#### [Input data]
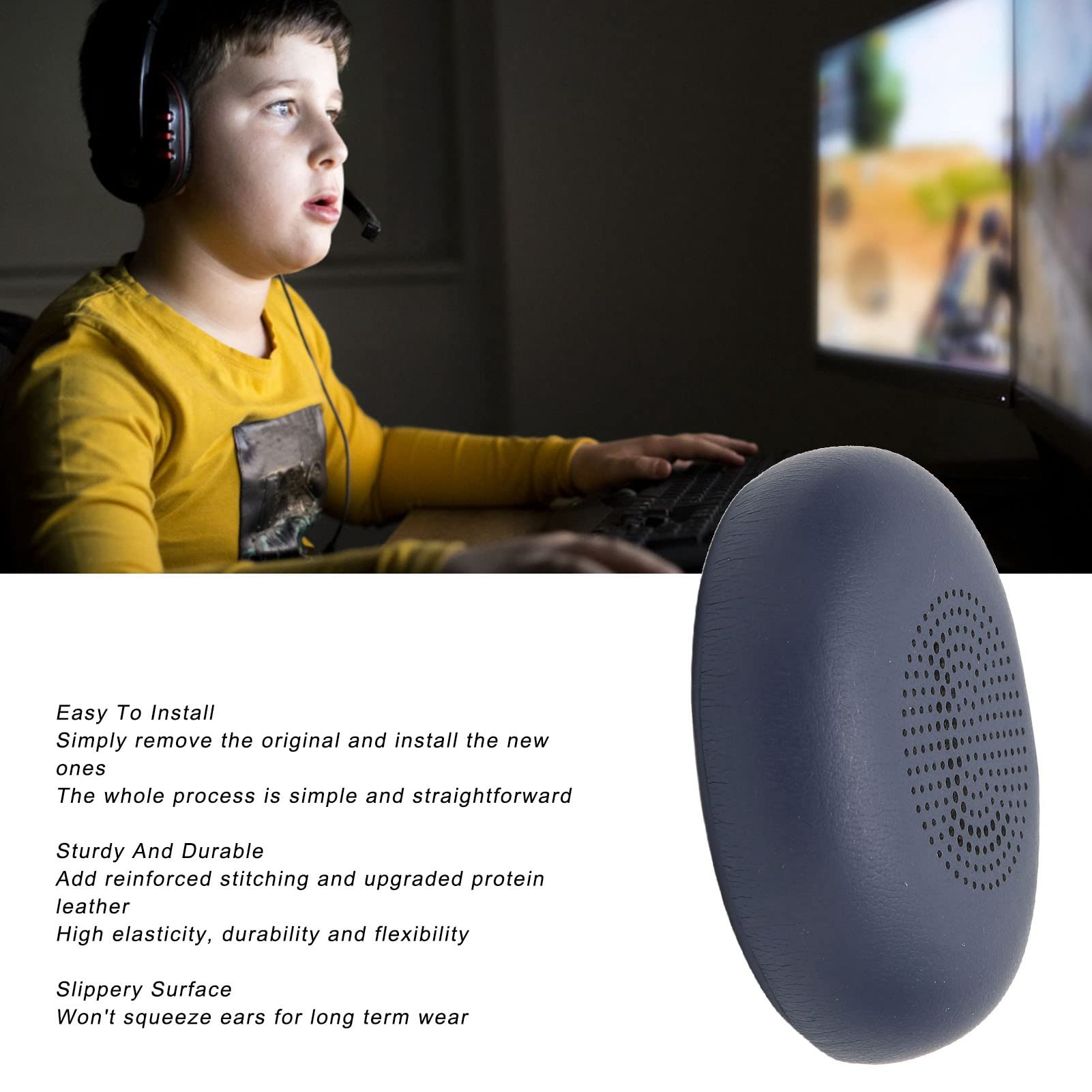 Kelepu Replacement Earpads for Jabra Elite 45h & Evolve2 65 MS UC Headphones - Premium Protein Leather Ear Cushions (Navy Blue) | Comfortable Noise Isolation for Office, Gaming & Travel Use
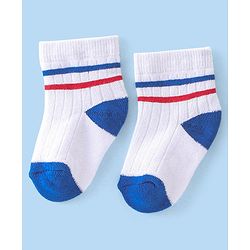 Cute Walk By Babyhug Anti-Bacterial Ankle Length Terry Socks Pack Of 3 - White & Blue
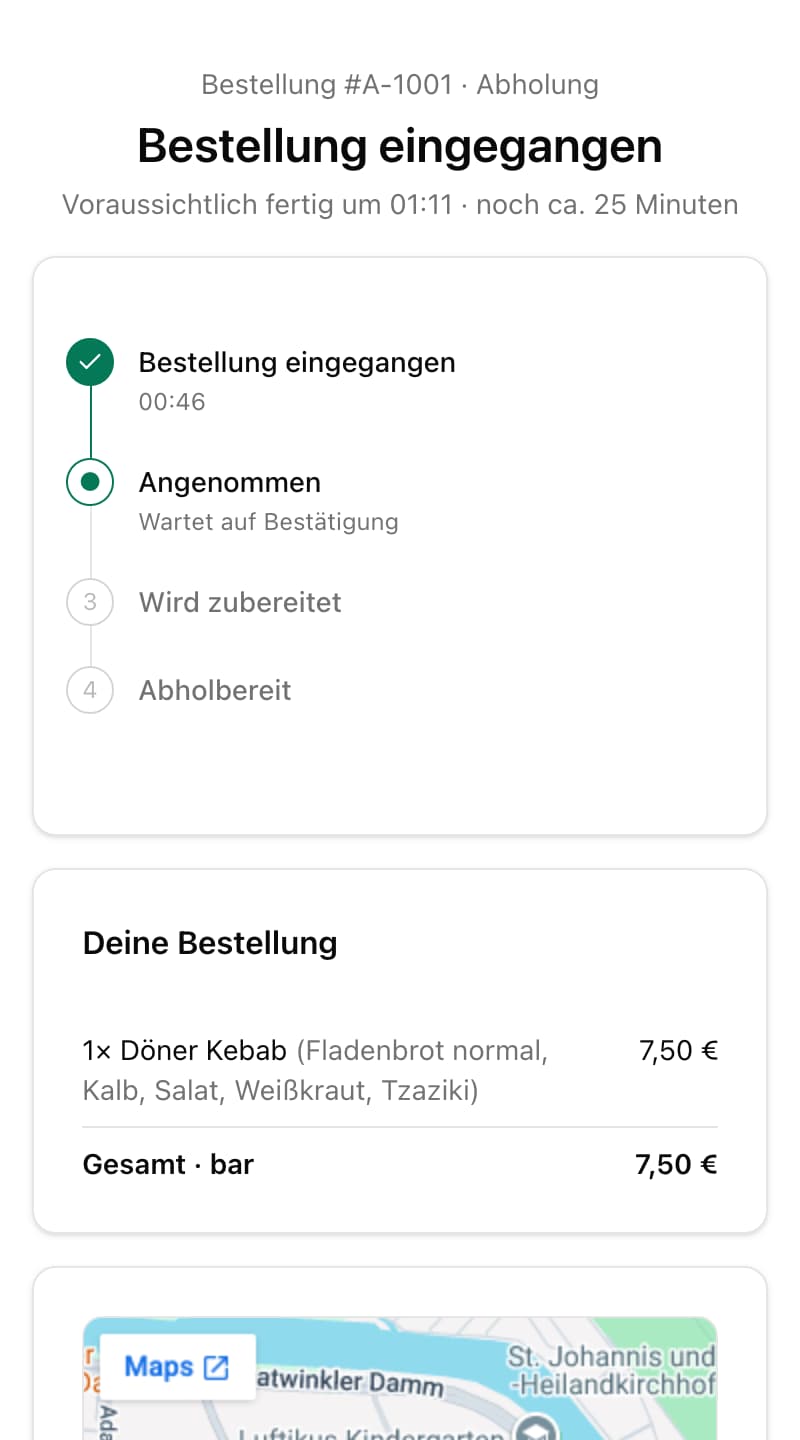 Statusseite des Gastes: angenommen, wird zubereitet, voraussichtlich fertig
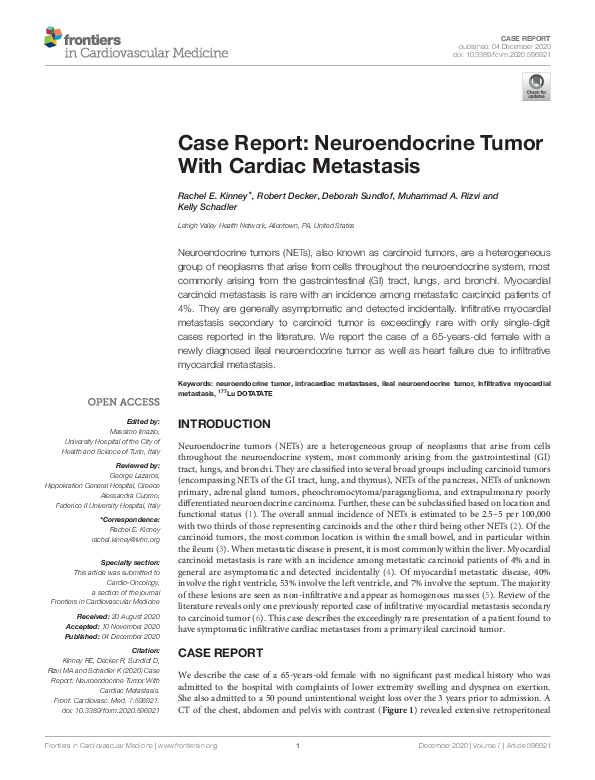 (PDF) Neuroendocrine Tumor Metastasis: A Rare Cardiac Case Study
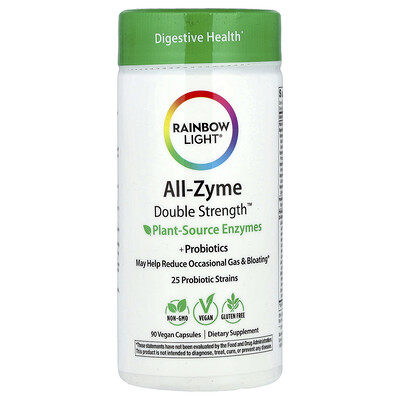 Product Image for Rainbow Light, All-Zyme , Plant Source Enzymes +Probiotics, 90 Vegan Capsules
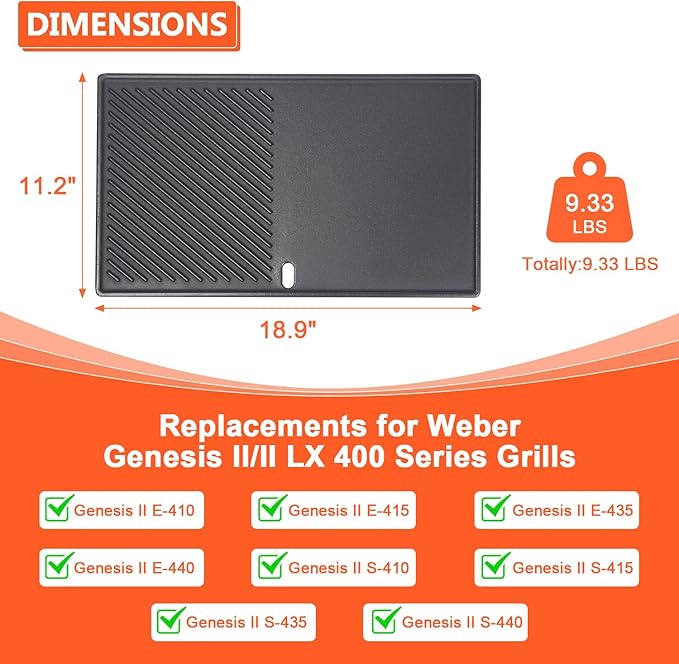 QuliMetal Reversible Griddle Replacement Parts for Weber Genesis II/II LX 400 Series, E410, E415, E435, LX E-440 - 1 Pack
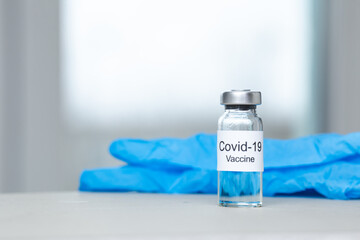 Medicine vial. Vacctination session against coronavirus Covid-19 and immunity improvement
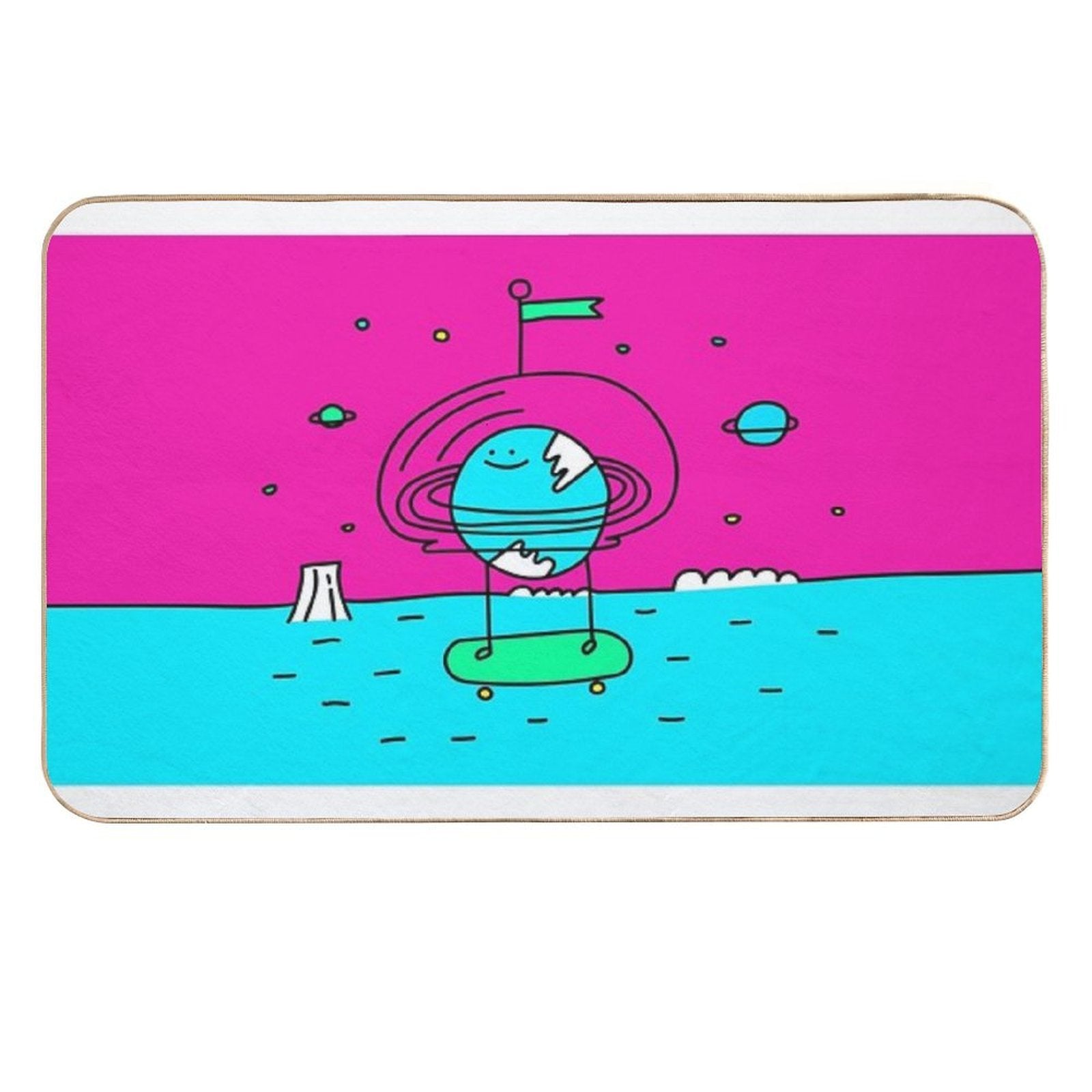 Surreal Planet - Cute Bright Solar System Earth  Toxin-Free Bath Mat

#### [Action item]
From the opening line of the listing above through the line bearing "Product Image for", repeat each line exactly. Drop every picture.

#### [Solution]
 Kelepu Replacement Earpads for Jabra Elite 45h & Evolve2 65 MS UC Headphones - Premium Protein Leather Ear Cushions (Navy Blue) | Comfortable Noise Isolation for Office, Gaming & Travel Use
 Cute Walk By Babyhug Anti-Bacterial Ankle Length Terry Socks Pack Of 3 - White & Blue
 Statusseite des Gastes: angenommen, wird zubereitet, voraussichtlich fertig
 (PDF) Neuroendocrine Tumor Metastasis: A Rare Cardiac Case Study
 Product Image for Rainbow Light, All-Zyme , Plant Source Enzymes +Probiotics, 90 Vegan Capsules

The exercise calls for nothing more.